O livro Chapéu, de minha autoria, com ilustrações de Crystal Enyly, Capa: Luciano Tasso, foi escrito a partir da tradição oral do município da Serra, ES e traz como personagens, o avô que conta histórias ao neto e seu cachorrinho, Totó, sobre um certo morro chamado Mestre Álvaro, ou sobre um certo moço e seu chapéu. O livro chama a atenção para esse patrimônio natural e cultural do Espírito Santo, trazendo também a temática ambiental, a nossa conexão com a natureza, a relação de amizade e amor entre avô e neto e seu cãozinho.
7 – O seu livro foi inspirado na tradição oral do município de Serra. Comente essa trilogia comunicacional: ler, escrever e contar histórias (tradição oral). Sabemos que ambas se completam, mas o que te motivou a escrever um livro com o aspecto de tradição oral?
A obra tem o desejo de provocar a emergência de histórias outras, a partir da cosmovisão afro-centrada, ancorada nos valores civilizatórios afro-brasileiras, com destaque para a territorialidade, a oralidade e a ancestralidade. Ou seja, é um livro escrito a partir das memórias das histórias que minha mãe, meu avô me contaram e da escuta das histórias ouvidas no território da Serra sobre a chuva e o chapéu do Mestre Álvaro. Minha voz se junta a essas vozes que contam histórias, recriando-as por meio da imaginação e da efabulação.
8 – Seria preconceito ou reducionismo de minha parte perguntar se a tradição oral deveria ser mais efetiva em ambientes educacionais de maior índice de analfabetismo, ou, ela pode ser mesmo bem utilizada com o auxílio de métodos educacionais na faixa etária dos adolescentes e adultos já alfabetizados?
A linguagem oral é a nossa entrada no universo da linguagem e ela é constitutiva das interações humanas em todos os contextos.
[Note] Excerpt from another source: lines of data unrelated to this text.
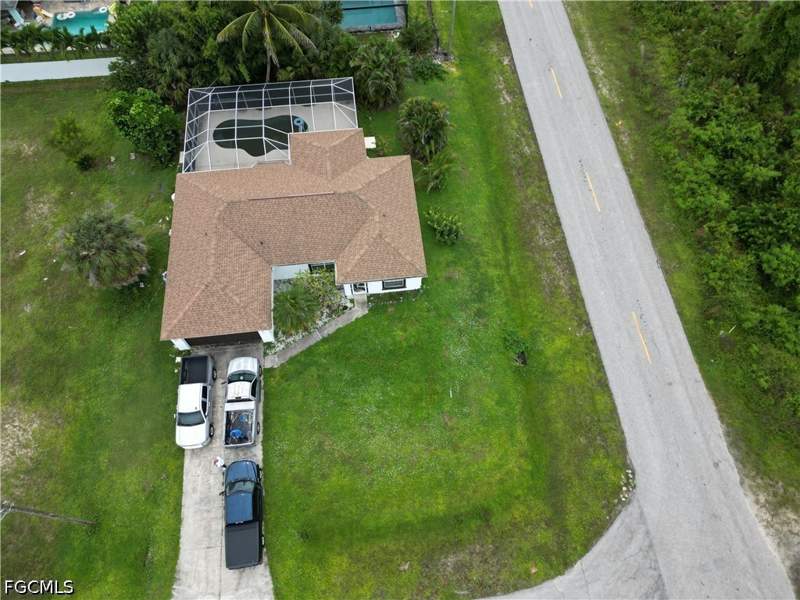 3 bedroom SingleFamilyResidence at 800 NE 44th Ln, Cape Coral, Cape Coral — photo 2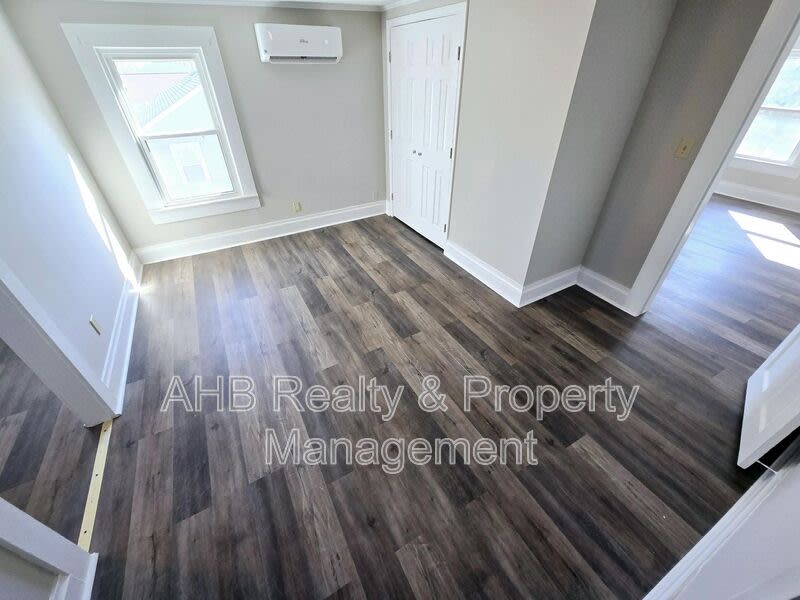 511 Cummings St – photo 5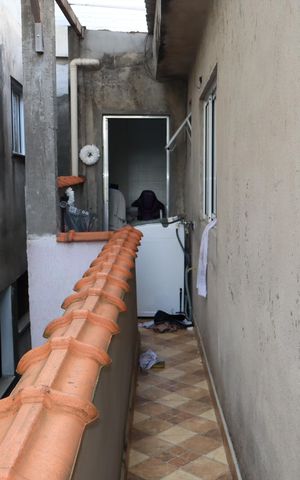 Casa à venda com 86m², 5 quartos e 1 vagaÁrea de Serviço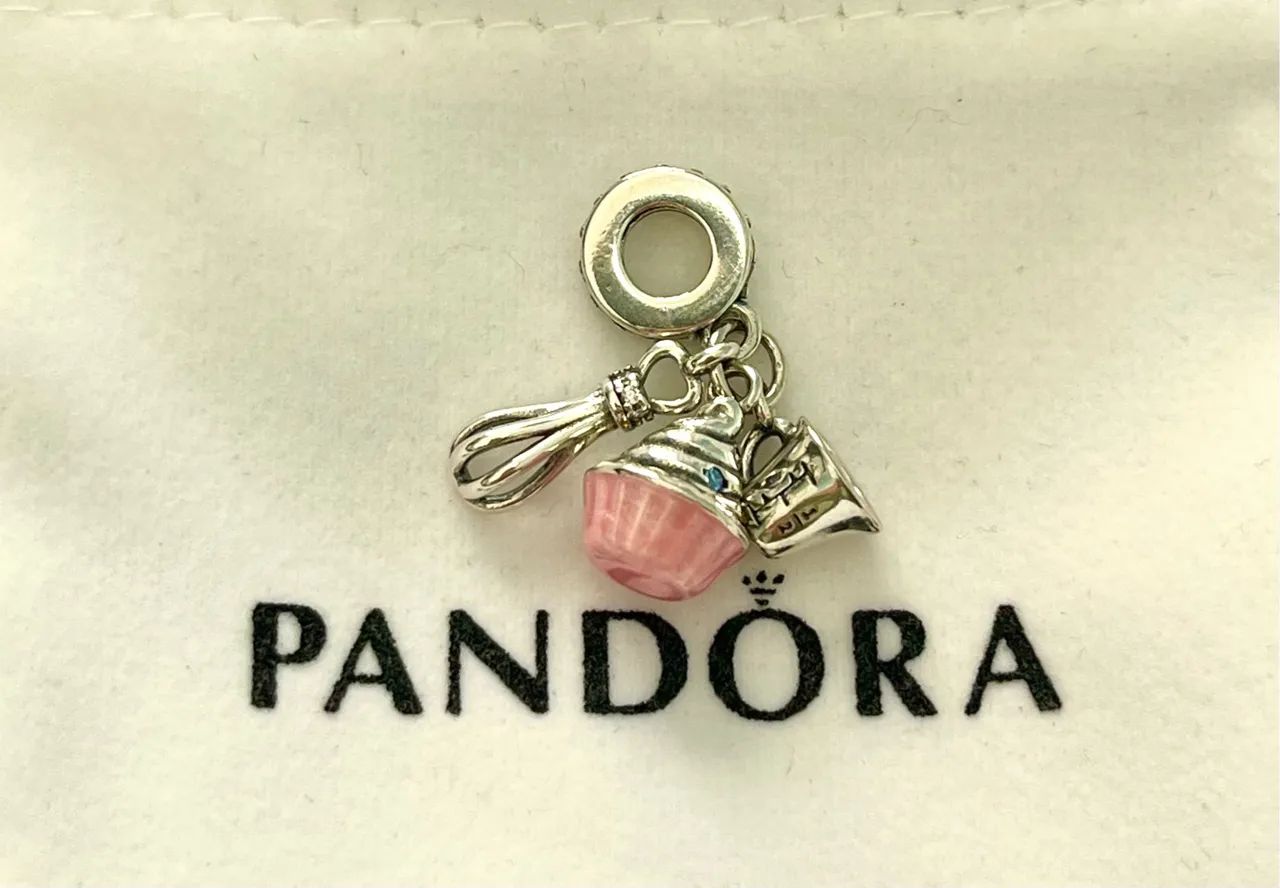 Charm Pandora Cupcake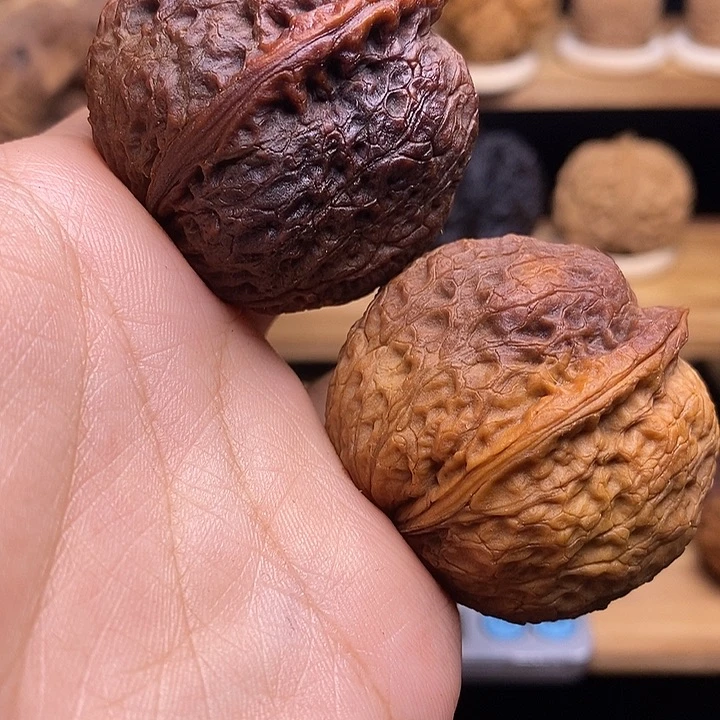 文玩核桃吊坠大苹果43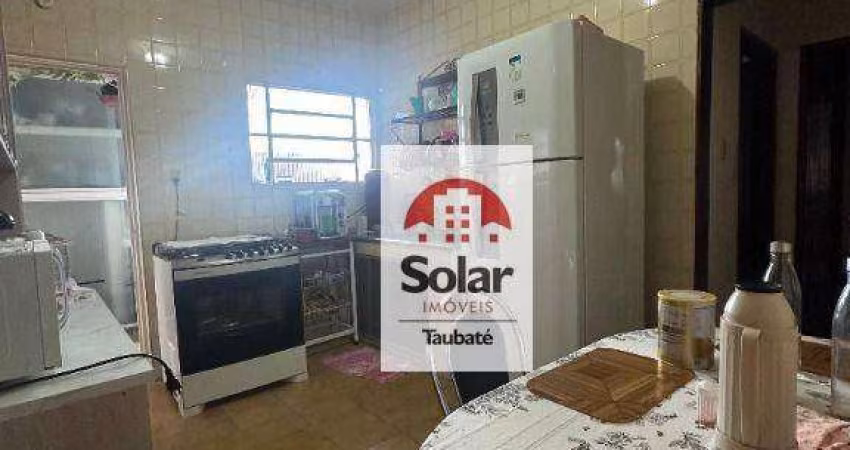 Casa com 3 dormitórios à venda, 171 m² por R$ 700.000,00 - Jardim Baronesa - Taubaté/SP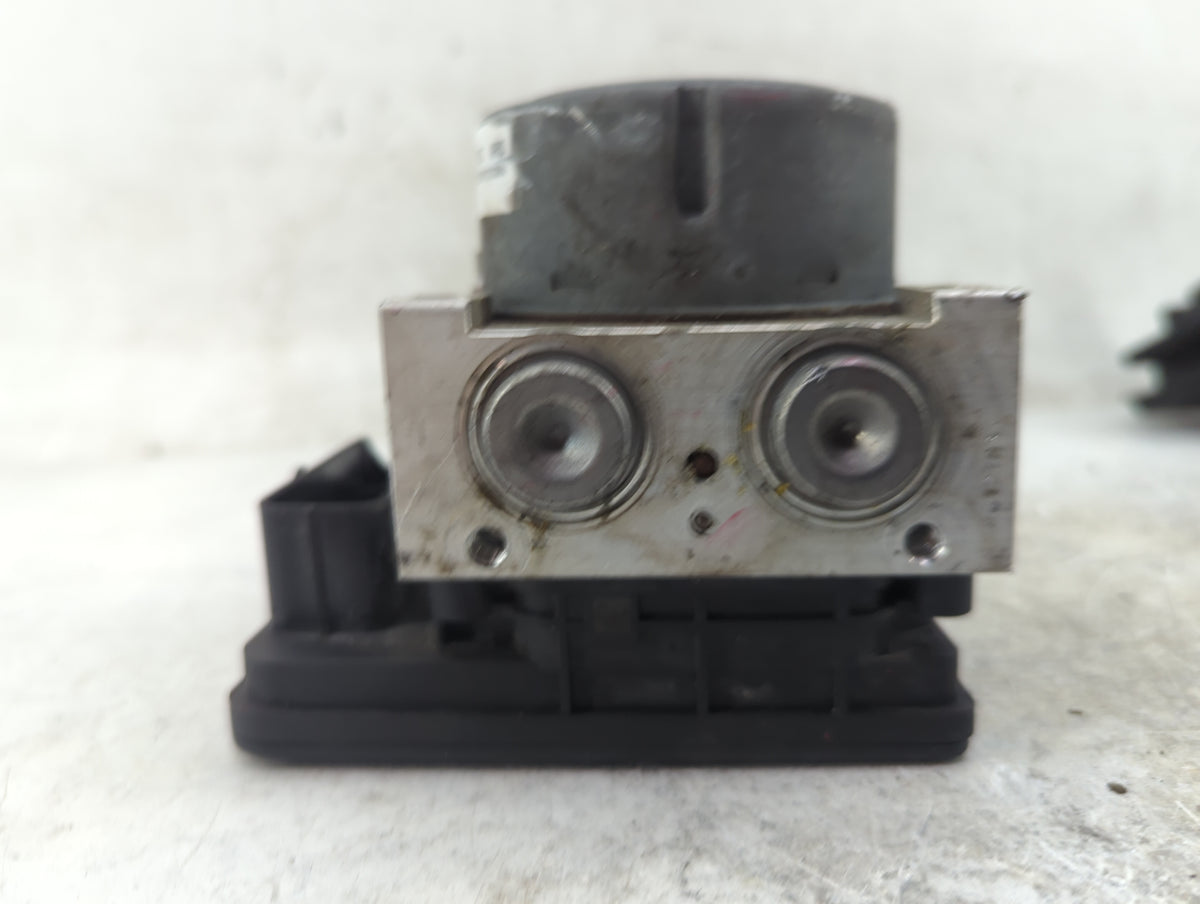 2013-2014 Cadillac Xts ABS Pump Control Module Replacement P/N:22929240 22929232 Fits Fits 2013 2014 OEM Used Auto Parts - O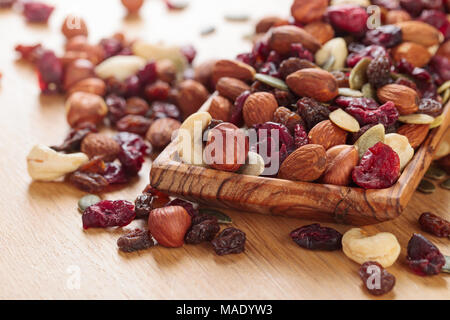 Close-up Mix verschiedene Nüsse und getrocknete Früchte. Organische gesunde Mischung Snacks. Vielzahl Mandeln, Haselnüsse, Cashewkerne, Rosinen, getrocknete Cranberries und Kürbis Stockfoto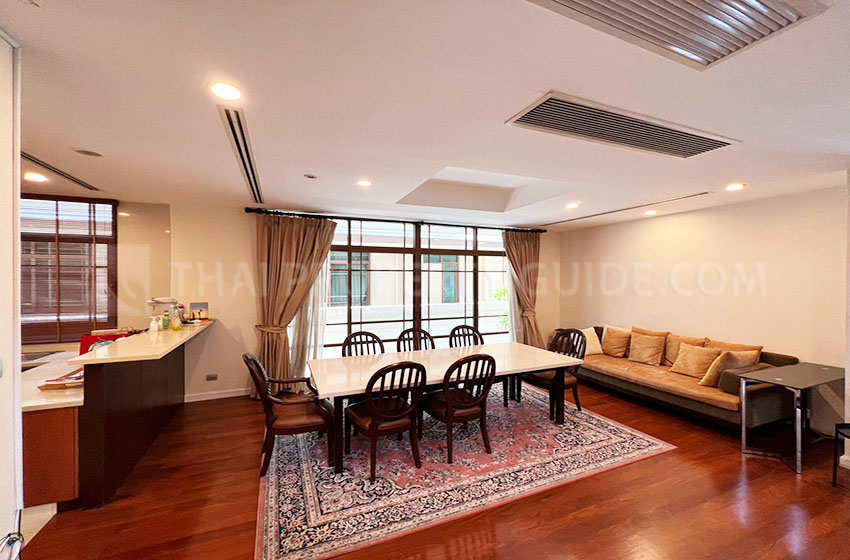 House with Private Pool in Sukhumvit 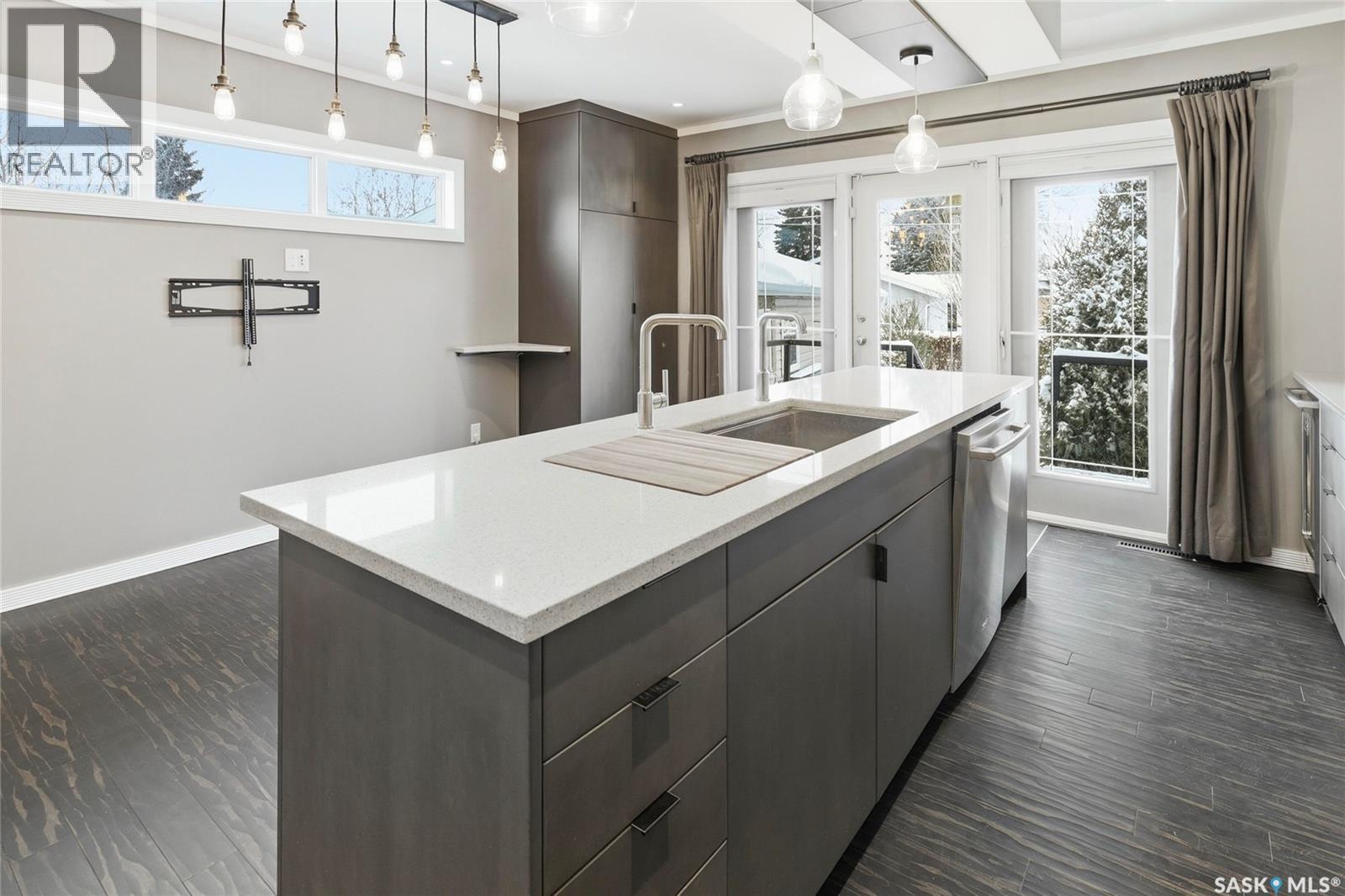 12 Secord Place, Regina, SK - Indoor Photo Showing Kitchen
No âmbito do ensino de línguas, a oralidade constitui um dos eixos para o trabalho com a linguagem na escola, em todos os níveis, juntamente com a escrita e a reflexão linguística.
9 – Em entrevista publicada no site da Assembleia Legislativa, em agosto, segunda-feira (15), você declarou que os livros de papel estão perdendo espaço para os digitais, e que é necessário entender que não existe inclusão digital de forma adequada no Brasil. Por gentileza, embase sua declaração.
Minha afirmação respalda-se em dados da quinta edição da pesquisa Retratos da Leitura no Brasil (2020) que revelou que de 2015 a 2019, o país perdeu cerca de 4,6 milhões de leitores, boa parte nas faixas etárias de 14 a 17 anos e de 18 a 24, chegando a oito pontos percentuais de diferença. A pesquisa considera como leitor toda pessoa que leu, inteiro ou em partes, pelo menos um livro nos últimos três meses, antes da aplicação da entrevista. Os dados apontam que o brasileiro lê, em média, cinco livros por ano, mas apenas dois e meio completos.
Inclusão digital adequada a que me refiro seria a possibilidade de acessar com qualidade (ter dados de internet e dispositivos necessários) conteúdos de qualidade (livros, sites confiáveis). Sabemos que boa parte da população, me preocupa em especial, os estudantes da educação básica da rede pública, não possuírem essas condições.
10 – Estamos em ano de eleição. Destaque políticas públicas educacionais que você entende como prioridade a serem inseridas nos currículos do ensino público?
Destaco a importância de políticas efetivas de inclusão e de respeito e valorização das diversidades, considerando a importância do acesso e permanências de todos e todas à educação em todos os níveis.
Políticas de valorização do professor, em especial do professor da educação básica, com plano de carreira que valorize sua atuação e titulação condignamente.
A construção de uma política nacional de alfabetização de modo democrático, comprometida com a formação do leitor e escritor e não essa política que representa grave retrocesso com uma visão simplista da alfabetização com base em memorização e treino.
11 – A reportagem agradece a oportunidade em realizar essa entrevista. Seu último depoimento, por favor.
Agradeço a oportunidade e parabenizo pela iniciativa de valorizar a cultura local, com destaque para a literatura.